▸ **DESCRIPTION OF THE TASK**: Transcribe exactly every line from the one with "this 600×338 image." to the last line of the listing below, including both.

▸ **ENTRIES SHOWN**:
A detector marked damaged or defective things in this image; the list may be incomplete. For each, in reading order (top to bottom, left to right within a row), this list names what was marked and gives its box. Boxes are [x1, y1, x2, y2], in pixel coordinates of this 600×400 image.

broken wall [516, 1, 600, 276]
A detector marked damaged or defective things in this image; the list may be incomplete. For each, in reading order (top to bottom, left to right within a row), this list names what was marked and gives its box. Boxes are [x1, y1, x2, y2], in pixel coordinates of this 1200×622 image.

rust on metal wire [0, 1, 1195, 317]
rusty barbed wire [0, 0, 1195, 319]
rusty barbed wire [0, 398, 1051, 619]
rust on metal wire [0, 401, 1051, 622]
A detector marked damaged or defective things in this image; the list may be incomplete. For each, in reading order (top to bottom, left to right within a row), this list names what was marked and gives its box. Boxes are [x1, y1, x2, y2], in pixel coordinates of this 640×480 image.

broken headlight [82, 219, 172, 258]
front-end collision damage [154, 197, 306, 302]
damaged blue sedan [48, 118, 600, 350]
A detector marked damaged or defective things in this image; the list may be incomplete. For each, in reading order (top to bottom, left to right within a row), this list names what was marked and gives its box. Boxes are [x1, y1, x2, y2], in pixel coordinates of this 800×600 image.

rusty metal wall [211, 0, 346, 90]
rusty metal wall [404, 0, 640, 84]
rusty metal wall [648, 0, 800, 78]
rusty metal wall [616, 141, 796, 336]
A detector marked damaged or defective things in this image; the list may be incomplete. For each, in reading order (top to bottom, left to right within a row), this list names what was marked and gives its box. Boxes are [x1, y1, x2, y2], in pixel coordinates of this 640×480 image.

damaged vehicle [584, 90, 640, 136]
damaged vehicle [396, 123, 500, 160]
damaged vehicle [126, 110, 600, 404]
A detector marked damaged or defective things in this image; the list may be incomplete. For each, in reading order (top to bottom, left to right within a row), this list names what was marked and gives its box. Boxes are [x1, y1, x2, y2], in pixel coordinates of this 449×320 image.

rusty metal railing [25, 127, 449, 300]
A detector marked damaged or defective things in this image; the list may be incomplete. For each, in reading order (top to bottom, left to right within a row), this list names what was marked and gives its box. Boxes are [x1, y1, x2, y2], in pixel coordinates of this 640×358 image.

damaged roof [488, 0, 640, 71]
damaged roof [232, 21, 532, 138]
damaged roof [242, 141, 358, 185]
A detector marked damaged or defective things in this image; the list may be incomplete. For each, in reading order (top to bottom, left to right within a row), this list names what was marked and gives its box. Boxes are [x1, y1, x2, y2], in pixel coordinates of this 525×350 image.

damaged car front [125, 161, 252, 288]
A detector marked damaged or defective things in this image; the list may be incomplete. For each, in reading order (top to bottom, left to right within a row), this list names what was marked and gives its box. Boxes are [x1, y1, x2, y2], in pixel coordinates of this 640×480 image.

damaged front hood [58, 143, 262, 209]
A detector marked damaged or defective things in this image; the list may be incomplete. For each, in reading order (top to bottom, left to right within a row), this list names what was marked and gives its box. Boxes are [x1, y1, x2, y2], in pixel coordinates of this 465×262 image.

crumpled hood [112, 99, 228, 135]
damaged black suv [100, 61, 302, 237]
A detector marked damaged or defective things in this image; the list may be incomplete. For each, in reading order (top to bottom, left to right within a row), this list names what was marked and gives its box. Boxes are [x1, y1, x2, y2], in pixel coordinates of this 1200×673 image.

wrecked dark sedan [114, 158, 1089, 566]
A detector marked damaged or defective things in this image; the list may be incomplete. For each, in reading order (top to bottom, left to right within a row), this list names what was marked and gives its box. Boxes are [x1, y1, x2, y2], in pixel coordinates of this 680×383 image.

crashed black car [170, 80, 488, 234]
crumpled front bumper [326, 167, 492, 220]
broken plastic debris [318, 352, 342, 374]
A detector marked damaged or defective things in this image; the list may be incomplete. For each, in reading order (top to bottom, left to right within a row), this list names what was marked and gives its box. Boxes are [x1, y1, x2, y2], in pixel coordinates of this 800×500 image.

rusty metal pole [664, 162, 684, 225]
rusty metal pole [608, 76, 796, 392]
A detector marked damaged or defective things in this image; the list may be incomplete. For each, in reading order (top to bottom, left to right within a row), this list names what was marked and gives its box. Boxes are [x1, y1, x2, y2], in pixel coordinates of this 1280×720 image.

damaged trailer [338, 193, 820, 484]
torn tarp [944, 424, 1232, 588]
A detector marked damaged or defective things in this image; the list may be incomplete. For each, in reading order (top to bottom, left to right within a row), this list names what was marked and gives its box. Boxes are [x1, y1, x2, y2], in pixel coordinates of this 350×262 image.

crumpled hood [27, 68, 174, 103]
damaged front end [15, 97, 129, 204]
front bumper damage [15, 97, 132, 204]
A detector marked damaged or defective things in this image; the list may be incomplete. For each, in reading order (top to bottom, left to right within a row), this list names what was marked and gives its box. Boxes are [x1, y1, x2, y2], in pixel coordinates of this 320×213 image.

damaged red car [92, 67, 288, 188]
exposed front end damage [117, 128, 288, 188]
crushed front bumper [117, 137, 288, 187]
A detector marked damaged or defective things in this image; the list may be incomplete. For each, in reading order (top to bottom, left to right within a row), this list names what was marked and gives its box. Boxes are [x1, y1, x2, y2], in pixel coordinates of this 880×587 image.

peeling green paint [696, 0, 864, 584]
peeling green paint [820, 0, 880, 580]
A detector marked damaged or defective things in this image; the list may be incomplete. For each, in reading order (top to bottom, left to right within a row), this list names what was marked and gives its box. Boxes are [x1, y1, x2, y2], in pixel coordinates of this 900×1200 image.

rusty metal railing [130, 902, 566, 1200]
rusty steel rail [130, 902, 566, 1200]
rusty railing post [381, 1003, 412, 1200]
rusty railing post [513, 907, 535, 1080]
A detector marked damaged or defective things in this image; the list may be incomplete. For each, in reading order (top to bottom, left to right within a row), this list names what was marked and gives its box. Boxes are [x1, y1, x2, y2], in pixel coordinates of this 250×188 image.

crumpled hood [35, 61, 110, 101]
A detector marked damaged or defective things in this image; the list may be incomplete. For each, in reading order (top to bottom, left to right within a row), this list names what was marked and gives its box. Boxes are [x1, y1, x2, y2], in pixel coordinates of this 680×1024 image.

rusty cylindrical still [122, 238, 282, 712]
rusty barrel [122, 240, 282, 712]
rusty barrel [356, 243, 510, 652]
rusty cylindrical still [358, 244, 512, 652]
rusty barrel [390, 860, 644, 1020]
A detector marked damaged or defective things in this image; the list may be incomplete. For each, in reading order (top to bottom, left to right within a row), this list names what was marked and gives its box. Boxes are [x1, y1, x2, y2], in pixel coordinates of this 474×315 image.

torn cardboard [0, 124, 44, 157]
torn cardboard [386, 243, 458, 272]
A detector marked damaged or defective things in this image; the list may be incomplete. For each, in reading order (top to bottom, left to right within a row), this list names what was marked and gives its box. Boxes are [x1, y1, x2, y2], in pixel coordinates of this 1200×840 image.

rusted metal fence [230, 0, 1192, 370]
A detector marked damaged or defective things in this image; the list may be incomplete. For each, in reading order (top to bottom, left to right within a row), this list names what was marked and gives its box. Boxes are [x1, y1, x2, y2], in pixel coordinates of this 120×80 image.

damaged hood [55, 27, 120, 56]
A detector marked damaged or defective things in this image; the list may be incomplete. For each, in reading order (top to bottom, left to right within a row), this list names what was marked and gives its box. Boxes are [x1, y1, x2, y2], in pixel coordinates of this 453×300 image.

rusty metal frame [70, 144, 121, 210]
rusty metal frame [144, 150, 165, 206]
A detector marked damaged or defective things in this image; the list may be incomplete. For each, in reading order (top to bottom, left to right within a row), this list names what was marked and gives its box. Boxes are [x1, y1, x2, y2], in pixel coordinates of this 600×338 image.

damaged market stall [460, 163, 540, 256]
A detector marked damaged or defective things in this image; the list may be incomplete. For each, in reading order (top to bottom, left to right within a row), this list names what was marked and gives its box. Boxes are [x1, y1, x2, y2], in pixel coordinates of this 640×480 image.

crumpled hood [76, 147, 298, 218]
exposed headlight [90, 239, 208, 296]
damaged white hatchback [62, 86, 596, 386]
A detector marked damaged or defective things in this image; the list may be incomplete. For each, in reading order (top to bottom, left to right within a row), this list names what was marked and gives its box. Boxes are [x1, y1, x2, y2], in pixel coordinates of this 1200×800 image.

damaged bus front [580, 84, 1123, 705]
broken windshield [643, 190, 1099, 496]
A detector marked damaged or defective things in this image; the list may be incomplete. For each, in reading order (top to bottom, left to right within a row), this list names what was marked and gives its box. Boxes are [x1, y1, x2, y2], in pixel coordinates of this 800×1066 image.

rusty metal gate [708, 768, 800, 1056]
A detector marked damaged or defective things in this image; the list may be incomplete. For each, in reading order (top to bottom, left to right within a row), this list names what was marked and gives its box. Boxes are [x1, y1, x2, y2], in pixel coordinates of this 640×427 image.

▸ **YOUR RESPONSE**:
A detector marked damaged or defective things in this image; the list may be incomplete. For each, in reading order (top to bottom, left to right within a row), this list names what was marked and gives its box. Boxes are [x1, y1, x2, y2], in pixel coordinates of this 600×338 image.

damaged market stall [460, 163, 540, 256]
A detector marked damaged or defective things in this image; the list may be incomplete. For each, in reading order (top to bottom, left to right within a row), this list names what was marked and gives its box. Boxes are [x1, y1, x2, y2], in pixel coordinates of this 640×480 image.

crumpled hood [76, 147, 298, 218]
exposed headlight [90, 239, 208, 296]
damaged white hatchback [62, 86, 596, 386]
A detector marked damaged or defective things in this image; the list may be incomplete. For each, in reading order (top to bottom, left to right within a row), this list names what was marked and gives its box. Boxes are [x1, y1, x2, y2], in pixel coordinates of this 1200×800 image.

damaged bus front [580, 84, 1123, 705]
broken windshield [643, 190, 1099, 496]
A detector marked damaged or defective things in this image; the list may be incomplete. For each, in reading order (top to bottom, left to right within a row), this list names what was marked and gives its box. Boxes are [x1, y1, x2, y2], in pixel coordinates of this 800×1066 image.

rusty metal gate [708, 768, 800, 1056]
A detector marked damaged or defective things in this image; the list may be incomplete. For each, in reading order (top to bottom, left to right within a row), this list names what was marked and gives its box. Boxes are [x1, y1, x2, y2], in pixel coordinates of this 640×427 image.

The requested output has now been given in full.